So, I think it is just noise.

[1] https://software.intel.com/sites/default/files/managed/9e/bc/64-ia-32-architectures-optimization-manual.pdf
Section 2.2.1.3, Table 2-6 on page 2-11.

Long version:

I suspect that what we see is the result of whole ACV being able to fit within
CPU cache without much cache line eviction in between the consecutive inserts/
lookups, combined with really good branch predicion, speculation & etc.

Here is a fun experiment: I just tested a simple scan of a flat 512-element
array of packed 64-bit values {a:24; b:24; c:16} and it comes up as roughly
500 cycles (~127ns) per *full* scan on Intel Core i7-7820HK CPU @ 3.90GHz. That
would translate to about 225ns on the 2.2Ghz system benchmarked above, which is
just about what we get for 25th percentile lowest latency of hash table! Thus,
a straight scan would be the best if abolute max latency of isolated 512-enry
AVC is all we care about and cache pressure is not a factor. Sounds pretty
crazy, right? 

However, such approach not only does not scale well, but also churns through
up to 4KB (64 cache lines) of memory on each full pass. In contrast, a hash
table with bucket depth of 5 would only issue 6 cache line fetches worst case.
Thus, even if flat scan is *faster* in this particular configuration, it does
not necessarily mean that it is *better* for system as a whole.

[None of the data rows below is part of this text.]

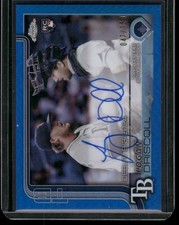 2025 Topps Chrome Update Logan Driscoll Rookie Debut Blue Refractor Auto #/150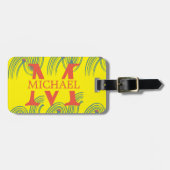 Außerhalb Reisende mit Monogramm anpassen Gepäckanhänger (Vorderseite horizontal)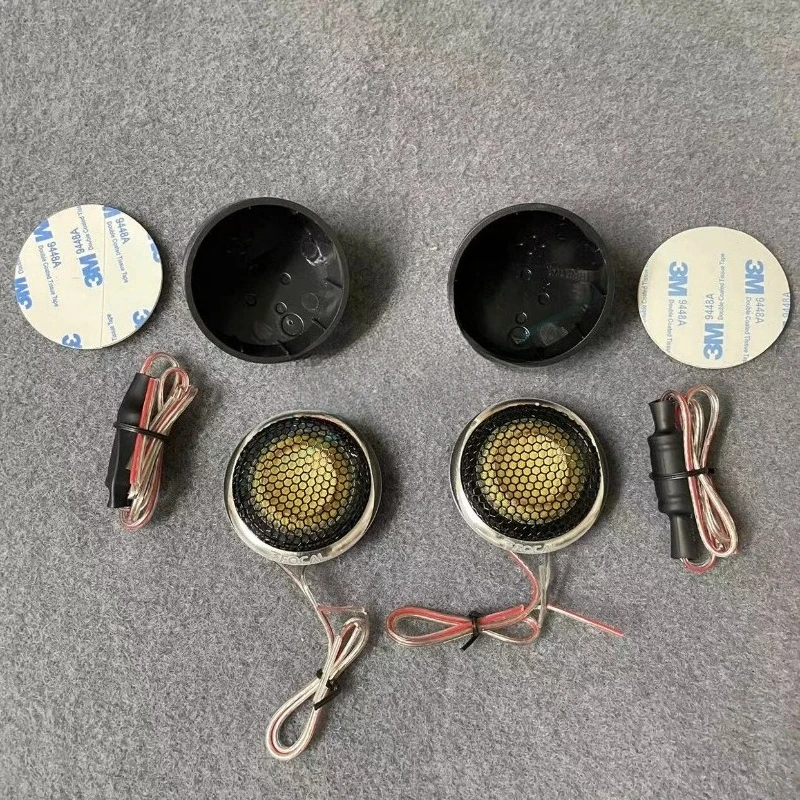 SOTAMIA 2PCS Tweeter 2,5 pouces 4 Ohm 20 Watt Tweeter pour voiture, audio de voiture, haut-parleur Bluetooth puissant, boîte à son Bluetooth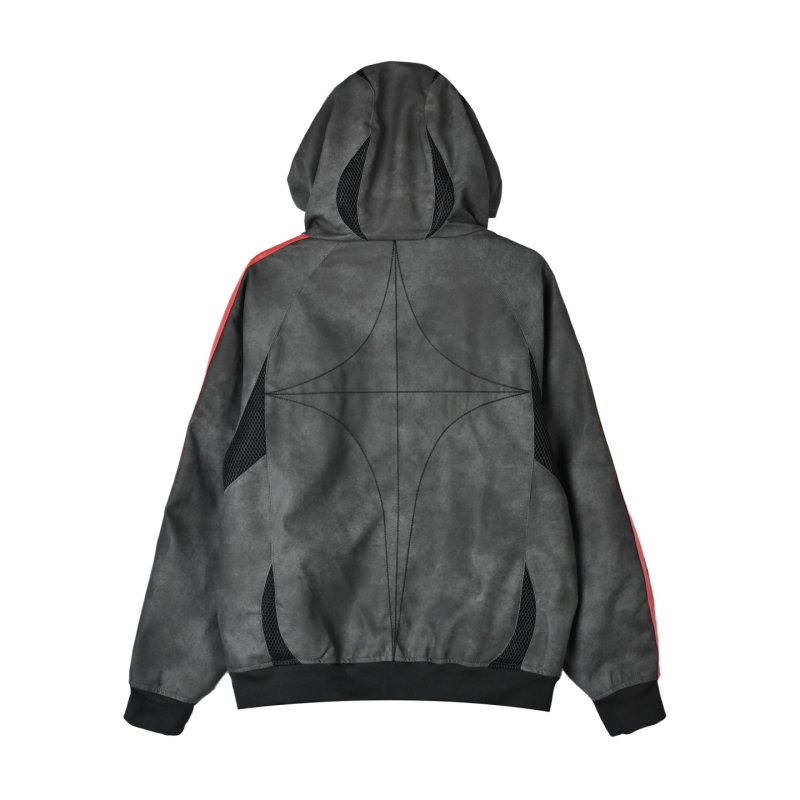 Adidas Colorblock Track Jacket Black/Grey/Red view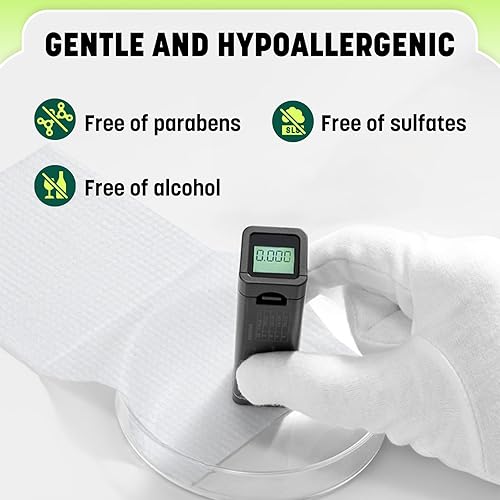 Miniatura 2 de Toallitas para perros para patas y traseros, toallitas grandes para mascotas a base de plantas para perrosgatos, hipoalergénicas, 8 x 9 pulgadas,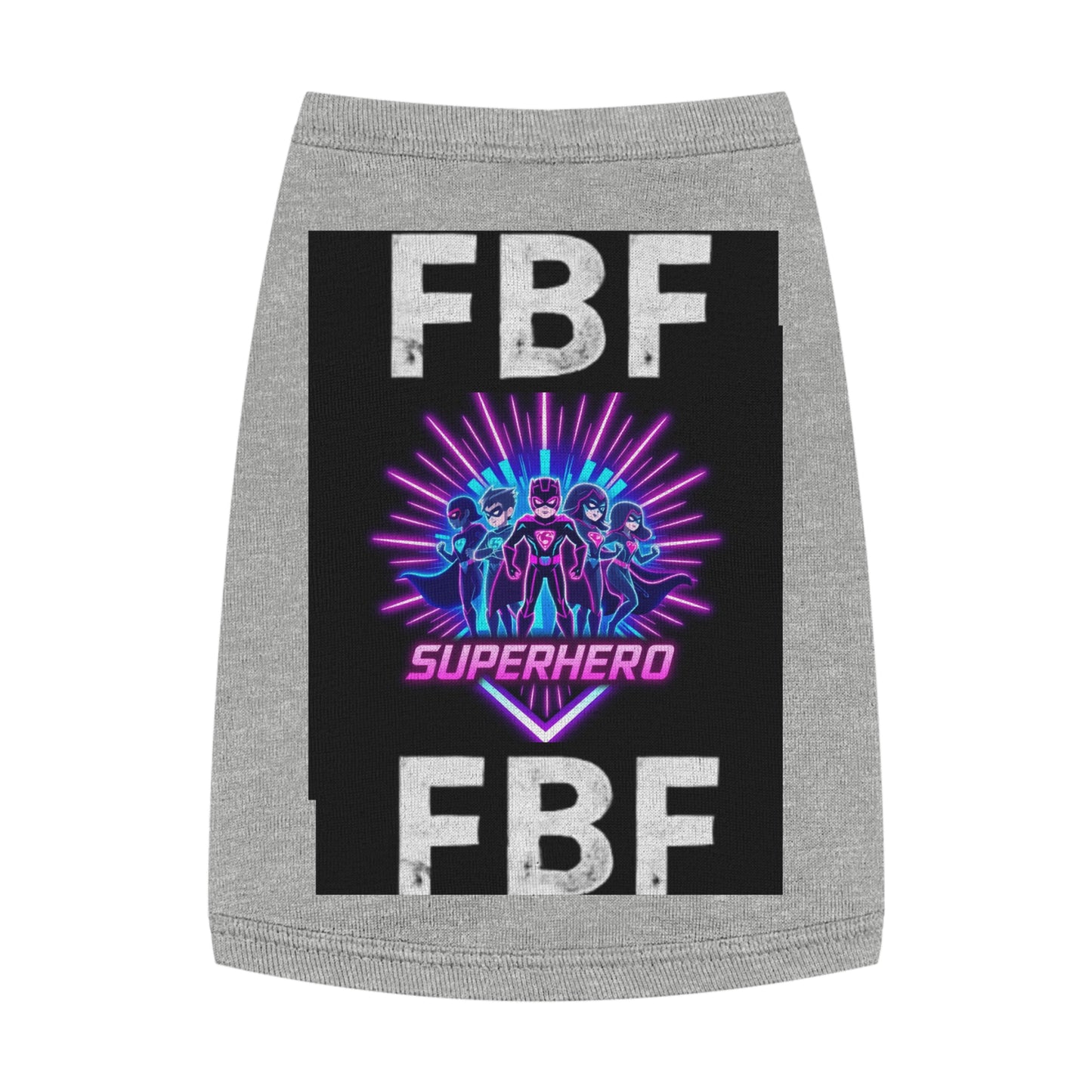 Superhero Pet Tank Top | Cute Dog Shirt, Pet Apparel for Comic Lovers, Gift for Pet Owners, Summer Wear, FBF Design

What we have is a confuence of the following factors:
1. AVC is a central point of the SELinux which is used all the time by pretty
much everything running on every core
2. L3 shared mode hit is abouot 50% more expensive than a hit in a non-shared
mode [2]
3. Remote DRAM access is about 1.5x - 2x more expensive than local [2]
4. Single-socket NUMA systems becoming ubiquitous (ex: AMD ZEN / EPYC)

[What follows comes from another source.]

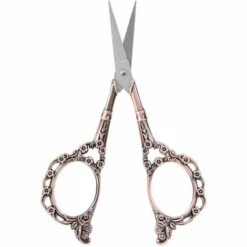 BEARSU 1pc Edelstahlschere Vintage Blume Klassische Stickereischere Stickereischere Handschere (rote Bronze) -Angebote Schneidwerkzeug Store 59193464 5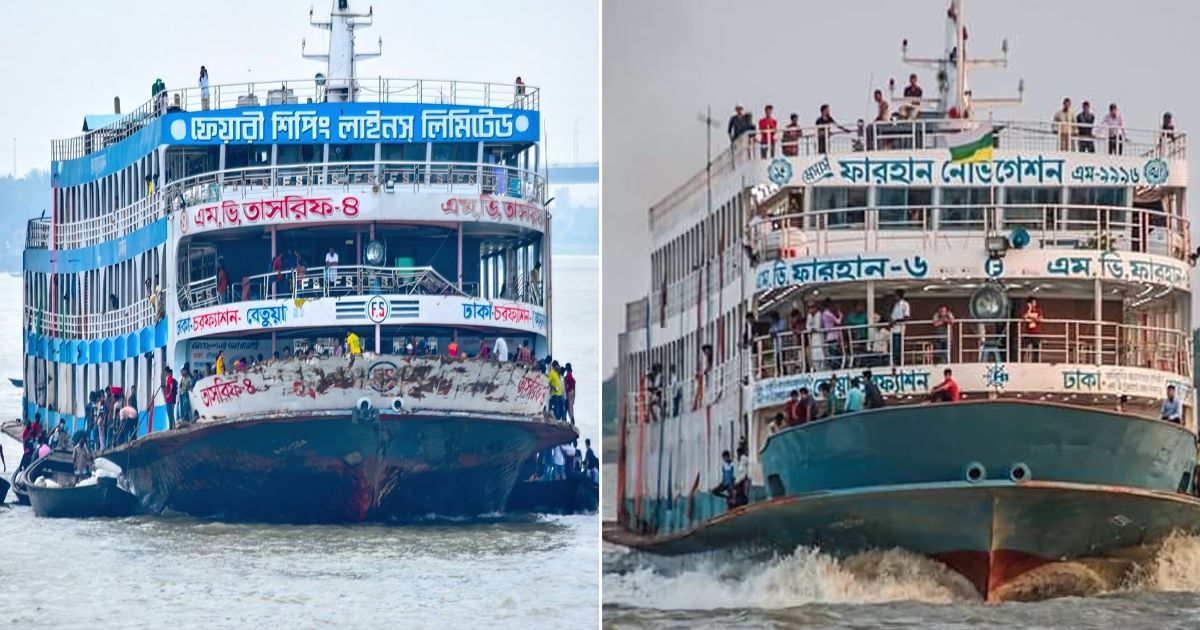 দুই লঞ্চের রুট পারমিট বাতিল, ম্যানেজারসহ আটক ৫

Just think about this: on a single-socket AMD EPYC system we can have at most
of AVC memory access as either shared or remote. To me it only makes sense to
reduce any unnecessary cache/DRAM references proactively, even if there is no
obvious immediate payoff right this moment (given, of course, that it does not
make things worse for a "regular" use case today).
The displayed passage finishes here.